### What needs to be done
Look through the data below for the line with "cwJOY-AYearInReview-Colorful-flower3" and the line with "GTI-Guyana-2004-field_training.jpg", then output those two and all lines in between, exactly as written.

::: Extracted material

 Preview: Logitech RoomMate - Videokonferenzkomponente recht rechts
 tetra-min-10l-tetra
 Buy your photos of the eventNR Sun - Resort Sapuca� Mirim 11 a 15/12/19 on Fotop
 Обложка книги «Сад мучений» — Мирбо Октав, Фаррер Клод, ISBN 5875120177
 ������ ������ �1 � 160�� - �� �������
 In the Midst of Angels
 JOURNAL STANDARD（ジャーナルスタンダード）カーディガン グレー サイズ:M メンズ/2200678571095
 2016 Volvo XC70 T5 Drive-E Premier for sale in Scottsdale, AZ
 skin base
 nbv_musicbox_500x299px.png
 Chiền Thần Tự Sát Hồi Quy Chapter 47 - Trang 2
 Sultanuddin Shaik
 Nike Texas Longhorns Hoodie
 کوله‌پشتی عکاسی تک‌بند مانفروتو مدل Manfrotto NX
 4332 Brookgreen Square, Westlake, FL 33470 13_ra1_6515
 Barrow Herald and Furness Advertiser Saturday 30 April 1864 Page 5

::::::
::: Extracted material

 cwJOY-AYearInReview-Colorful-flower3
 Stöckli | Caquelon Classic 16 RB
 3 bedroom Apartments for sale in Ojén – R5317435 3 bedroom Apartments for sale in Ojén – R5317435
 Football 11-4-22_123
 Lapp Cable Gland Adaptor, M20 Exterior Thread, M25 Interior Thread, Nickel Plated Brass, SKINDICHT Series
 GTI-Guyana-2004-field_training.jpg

::::::

### Reply to the exercise
 cwJOY-AYearInReview-Colorful-flower3
 Stöckli | Caquelon Classic 16 RB
 3 bedroom Apartments for sale in Ojén – R5317435 3 bedroom Apartments for sale in Ojén – R5317435
 Football 11-4-22_123
 Lapp Cable Gland Adaptor, M20 Exterior Thread, M25 Interior Thread, Nickel Plated Brass, SKINDICHT Series
 GTI-Guyana-2004-field_training.jpg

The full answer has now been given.